Flushed with the success and his new wad of £1600, your acquaintance books in at the £150 a night Windsor Spa Hotel. You, as planned, go to your £50 a night bed and breakfast. Five days later, your acquaintance's business venture has not been going so well. Spending £150 a night, and losing around £100 a day at the racetrack, he is down to £400, with 10 days left to go. Worse still, the racecourse has temporarily shut down due to adverse economic conditions.
Your acquaintance, and his hotel, are both in trouble. However, you have a plan. You quite liked his big posh hotel room when you went to visit, and you do have spare money, because you budget carefully.
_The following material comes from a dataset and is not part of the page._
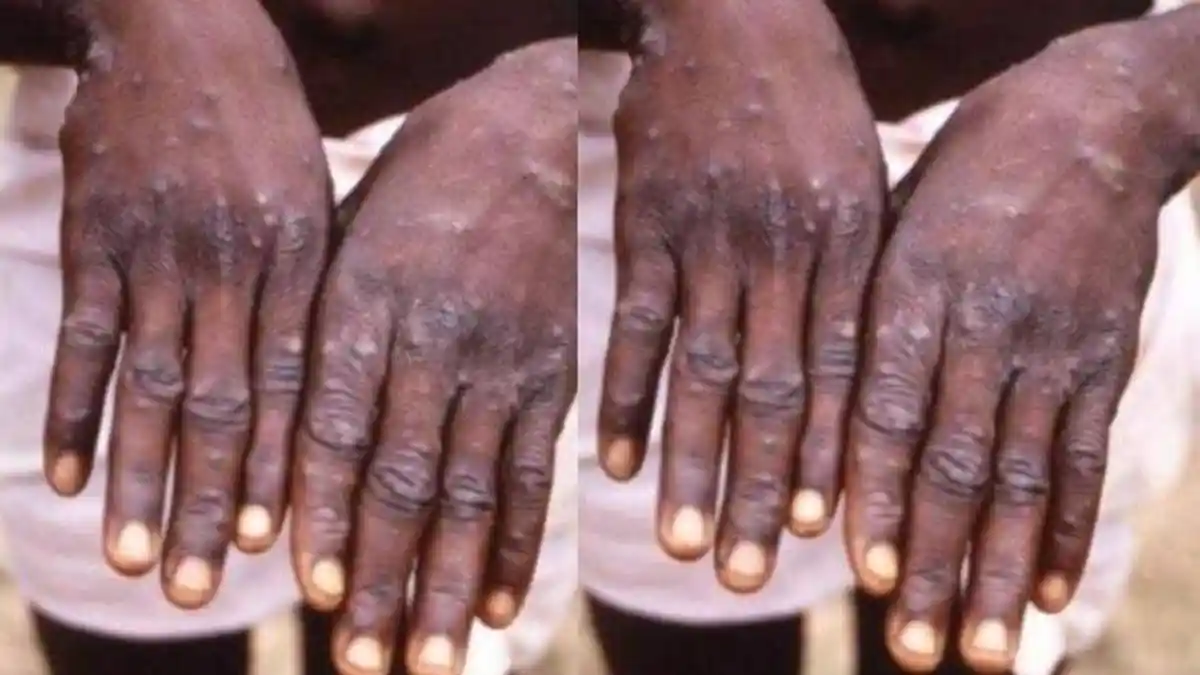 Penjelasan Wabah Monkeypox atau Cacar Monyet, Gejala Mirip Flu, Dapat Menyebar Melalui Kontak Fisik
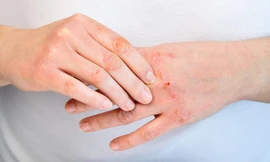 Ảnh minh họa: Internet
So, accounting for the collapse in demand for hotel rooms, you suggest the following - he offers the B&B you are in £40 a night for your room for the remaining 10 days. You will then move in to his £150 a night room, paying £100 a night - busting your budget, but upgrading your holiday at a 30% discount.
Everyone reluctantly agrees to this, and you feel happy that your careful behaviour with your money has got you a nice holiday at a bargain price. Unbeknown to you, however, the hotel owners and your acquaintance have been to the Government to complain how unfair everything is, and how much hotels and horse-racing matter to the wider economy.
Bowing to this political pressure the Government steps in, reopens the racecourse, pays the difference between what your acquaintance can afford and what the owners of the posh hotel want for the room, and imposes a tax on careful budgets to make up the difference, meaning you are now £10 a day worse off than you were going to be when you first planned your holiday, and stuck back in the Bed and Breakfast.